Recommend books on the tactics of political movements
November 22, 2004 10:10 PM   Subscribe

ActivismHistoryFilter: I would like to know more about what techniques and tactics for political activism have worked best in what historical circumstances. Can anyone recommend good books that discuss the tactics of political movements? [MI]

These can be academic or general-interest books. For example, in what circumstances have protests been effective? What about civil disobediance? What about boycotts? What about electoral political activism? Etc. I'm interested in books that talk about the history of some movement and discuss the tactics that the movement used and why, and whether these tactics worked.
posted by mai to Law & Government (11 answers total) 4 users marked this as a favorite
I can't think of a specific book that uses a comparison/contrast of activist tactics per se as its organizing principle, but you'll find a lot of material at Haymarket Books from a (largely non-academic) Marxist perspective on activism and tactics within the labor movements, civil rights movements, women's movements, etc. Particularly on the topic of labor, I would recommend Not Automatic (a wonderful oral history of the 1937 sit-down strike that led to the formation of the UAW), Strike! (an overview of strikes and workers' revolts in the U.S. from the 1870s-1990s), Teamster Rebellion (1934 organizing drive in Minneapolis), and Detroit: I Do Mind Dying (about the Dodge Revolutionary Union Movement). I know it's not exactly what you're looking for, but it might be a start.
posted by scody at 11:27 PM on November 22, 2004

A Canadian, Alan Borovoy wrote a book called 'Civil Disobedience' on Canadian activism. Another 'might not be what your looking for' but he provides excellent examples of the practice and how it has worked in the past in Canada.
posted by squeak at 12:29 AM on November 23, 2004

It's a tiny part of an answer to your question, but I wrote a chapter on online activism, specifically focusing on tactics and countertactics in this book.
posted by bifter at 5:39 AM on November 23, 2004

Also worth checking out might be Saul Alinsky's "Rules for Radicals," and the Midwest Academys training manuals - both are considered pretty definitive resources for modern organizers.

The Midwest Manual in particular, while short on history, is heavy on explaining what tactics work and why - the sections on Power Analysis will likely make you rethink the way you frame considerations of political movements.
posted by TTIKTDA at 6:52 AM on November 23, 2004

"Parting the Waters" by Taylor Branch
"Eyes on the Prize" (book and PBS film)

And the Student Nonviolent Coordinating Committee (SNCC) was an amazing organization. This bibliography may be helpful.

I second "Rules for Radicals." Also, Howard Zinn's "People's History of the United States."
posted by naomi at 7:01 AM on November 23, 2004

I third Rules for Radicals. Esp good is info on motivating the masses to take action (He used an achievable goal - the rodent problem in Chicago - to create a movement... fantastic)
posted by deliquescent at 7:55 AM on November 23, 2004

You might want to take a look at the following books:

Power in Movement : Social Movements and Contentious Politics (numerous editors). ["emphasizes the rise and fall of social movements as part of political struggle and as the outcome of changes in political opportunity structure."]

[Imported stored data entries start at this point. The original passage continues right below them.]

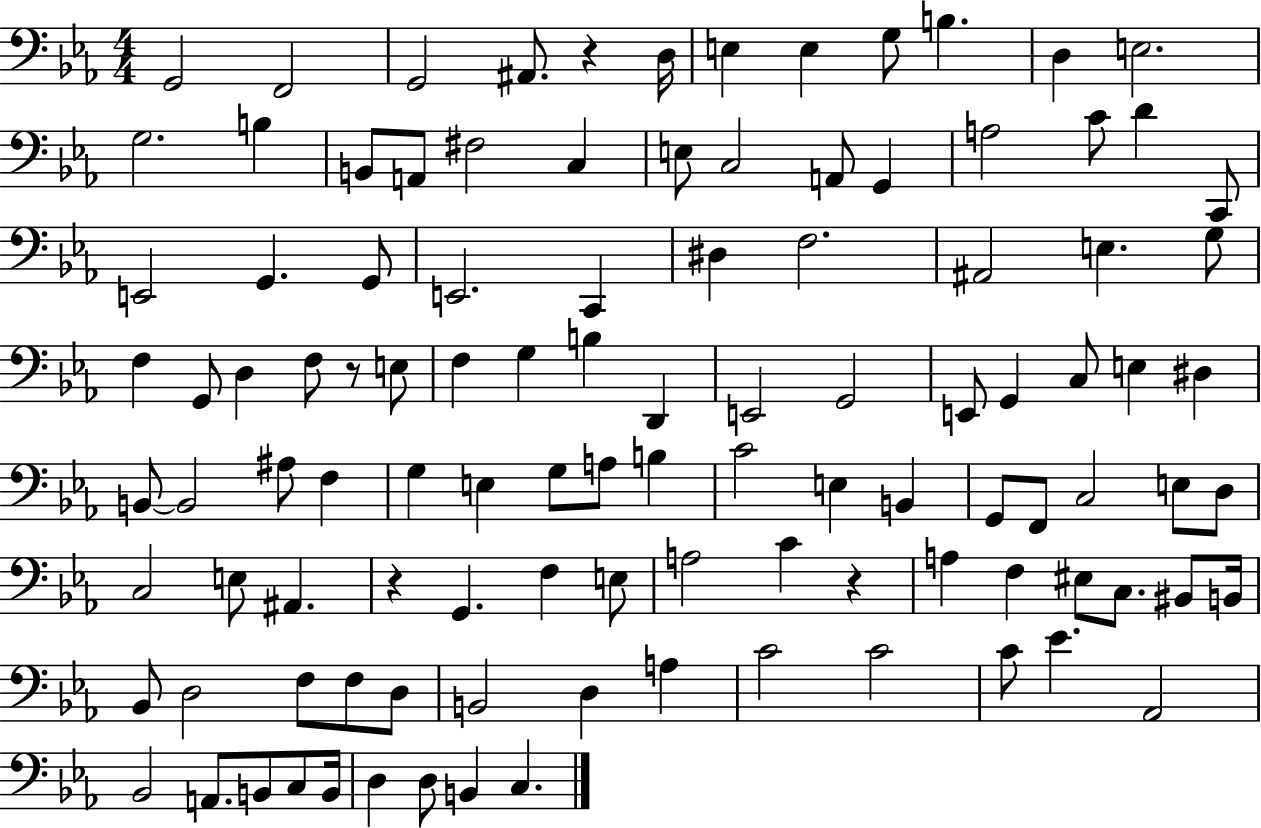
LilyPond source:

{
  \clef bass
  \numericTimeSignature
  \time 4/4
  \key ees \major
  g,2 f,2 | g,2 ais,8. r4 d16 | e4 e4 g8 b4. | d4 e2. | \break g2. b4 | b,8 a,8 fis2 c4 | e8 c2 a,8 g,4 | a2 c'8 d'4 c,8 | \break e,2 g,4. g,8 | e,2. c,4 | dis4 f2. | ais,2 e4. g8 | \break f4 g,8 d4 f8 r8 e8 | f4 g4 b4 d,4 | e,2 g,2 | e,8 g,4 c8 e4 dis4 | \break b,8~~ b,2 ais8 f4 | g4 e4 g8 a8 b4 | c'2 e4 b,4 | g,8 f,8 c2 e8 d8 | \break c2 e8 ais,4. | r4 g,4. f4 e8 | a2 c'4 r4 | a4 f4 eis8 c8. bis,8 b,16 | \break bes,8 d2 f8 f8 d8 | b,2 d4 a4 | c'2 c'2 | c'8 ees'4. aes,2 | \break bes,2 a,8. b,8 c8 b,16 | d4 d8 b,4 c4. | \bar "|."
}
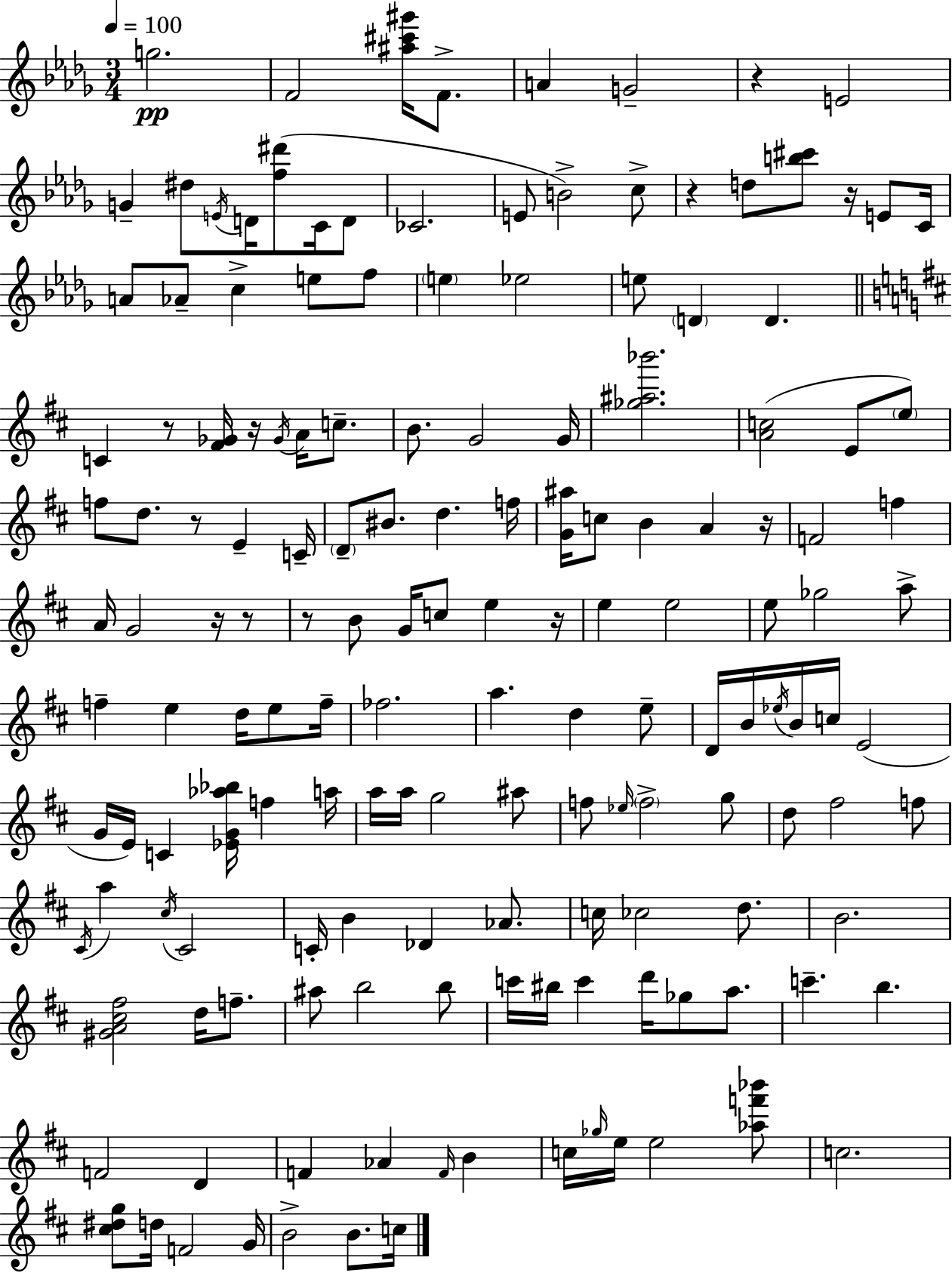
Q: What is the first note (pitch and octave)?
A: G5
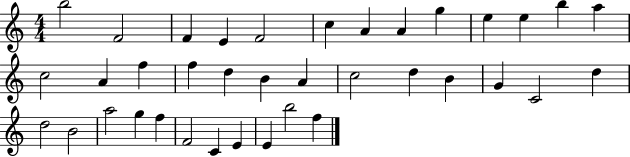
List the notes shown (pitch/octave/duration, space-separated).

B5/h F4/h F4/q E4/q F4/h C5/q A4/q A4/q G5/q E5/q E5/q B5/q A5/q C5/h A4/q F5/q F5/q D5/q B4/q A4/q C5/h D5/q B4/q G4/q C4/h D5/q D5/h B4/h A5/h G5/q F5/q F4/h C4/q E4/q E4/q B5/h F5/q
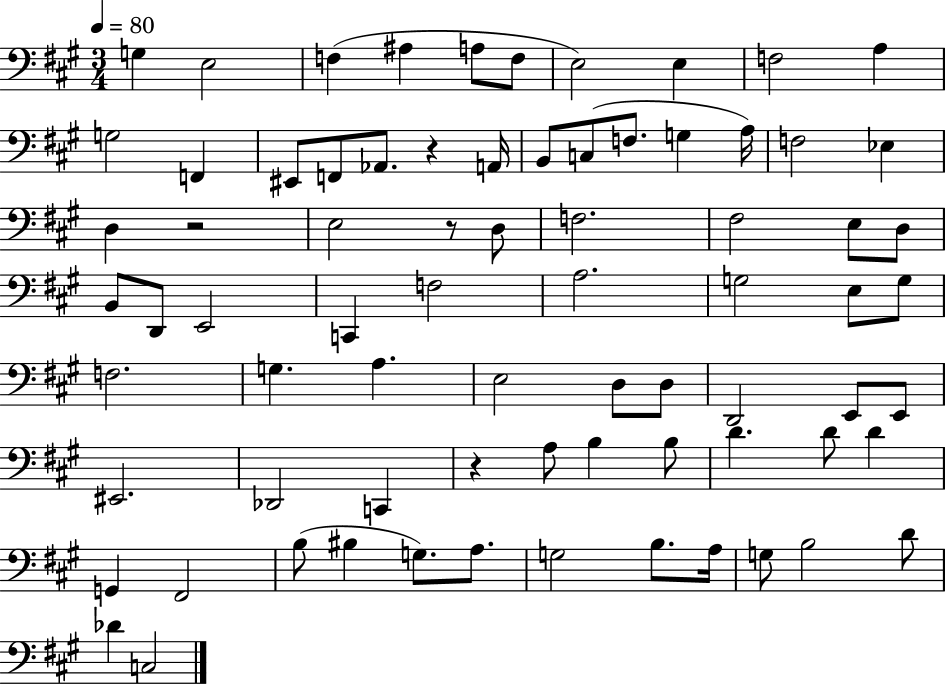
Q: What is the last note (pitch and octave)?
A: C3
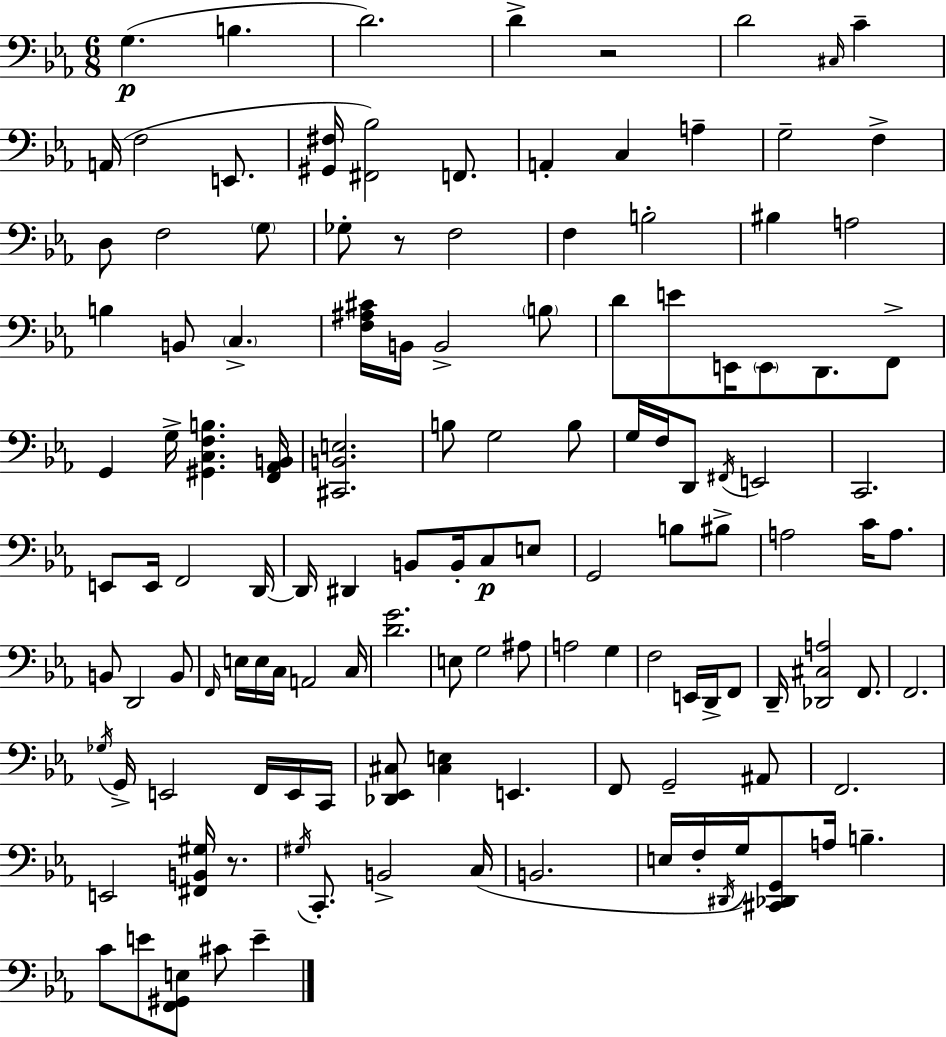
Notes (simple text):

G3/q. B3/q. D4/h. D4/q R/h D4/h C#3/s C4/q A2/s F3/h E2/e. [G#2,F#3]/s [F#2,Bb3]/h F2/e. A2/q C3/q A3/q G3/h F3/q D3/e F3/h G3/e Gb3/e R/e F3/h F3/q B3/h BIS3/q A3/h B3/q B2/e C3/q. [F3,A#3,C#4]/s B2/s B2/h B3/e D4/e E4/e E2/s E2/e D2/e. F2/e G2/q G3/s [G#2,C3,F3,B3]/q. [F2,Ab2,B2]/s [C#2,B2,E3]/h. B3/e G3/h B3/e G3/s F3/s D2/e F#2/s E2/h C2/h. E2/e E2/s F2/h D2/s D2/s D#2/q B2/e B2/s C3/e E3/e G2/h B3/e BIS3/e A3/h C4/s A3/e. B2/e D2/h B2/e F2/s E3/s E3/s C3/s A2/h C3/s [D4,G4]/h. E3/e G3/h A#3/e A3/h G3/q F3/h E2/s D2/s F2/e D2/s [Db2,C#3,A3]/h F2/e. F2/h. Gb3/s G2/s E2/h F2/s E2/s C2/s [Db2,Eb2,C#3]/e [C#3,E3]/q E2/q. F2/e G2/h A#2/e F2/h. E2/h [F#2,B2,G#3]/s R/e. G#3/s C2/e. B2/h C3/s B2/h. E3/s F3/s D#2/s G3/s [C#2,Db2,G2]/e A3/s B3/q. C4/e E4/e [F2,G#2,E3]/e C#4/e E4/q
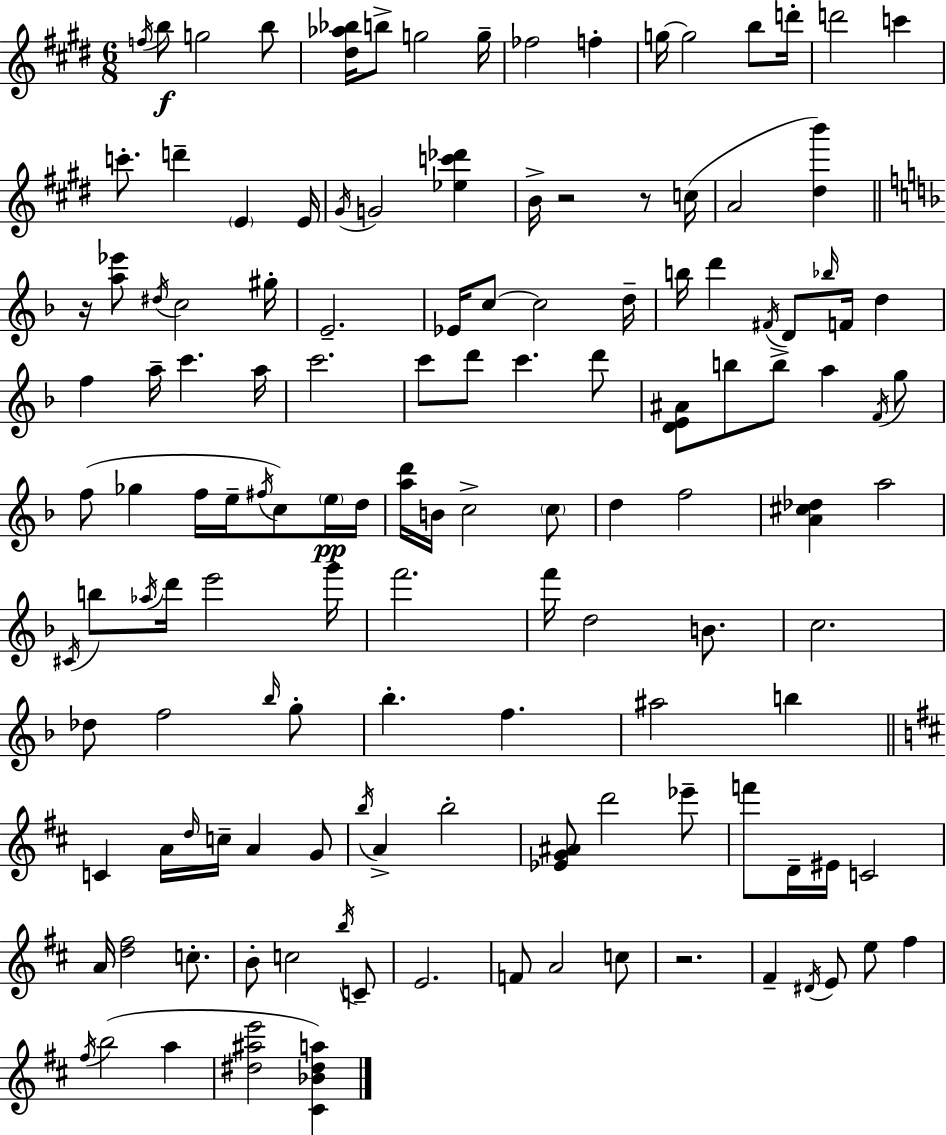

The Activist's Handbook, by Randy Shaw.

The New Citizenship: Unconventional Politics, Activism, and Service,
by Craig Rimmerman.
posted by WestCoaster at 11:02 AM on November 23, 2004

Response by poster: Thanks everyone. Actually, these are good answers - exactly what I was looking for. I have Zinn's book, but I've never managed to get all the way through it. What started me on this question was reading a chapter on the history of the women's movement in Alice Echols' book Shaky Ground (chapter 4), which gives an overview of various tactics they used at various times. The chapter is infuriatingly short, and I was curious to learn more about political tactics in general.
posted by mai at 11:09 AM on November 23, 2004

If you want to get very historical, there is an excellent body of literature on early modern (1500-1800) bread riots and other forms of social protest. Some were sucessful, many were not, but all show interesting similarities (ritual protest, attacks on property, but not persons, etc.)
posted by jb at 10:30 PM on November 24, 2004

Oh - I would still rub oil (or butter, which is better) on the turkey breast with the foil tent method. I am actually going to use some chicken fat I have, but only because I bought it by accident when looking for lard.
posted by jb at 10:58 PM on November 24, 2004

Sorry - the above comment ended up in the wrong thread. That was definitely intended for the turkey thread.

Good authors on early modern rebellions and riots - classic by George Rude, E.P. Thompson, - there is a synthesis by Andy Wood on 16th century riots and rebellions. I just think you would find it interesting to learn about the very different place these forms of protest had in an era before a popular (or even a wide) franchise. The ritualistic riot was could be seen as more legitimate form of protest when there was no other way to express concerns, such as bread prices, but, of course, was still seen as a threat to order.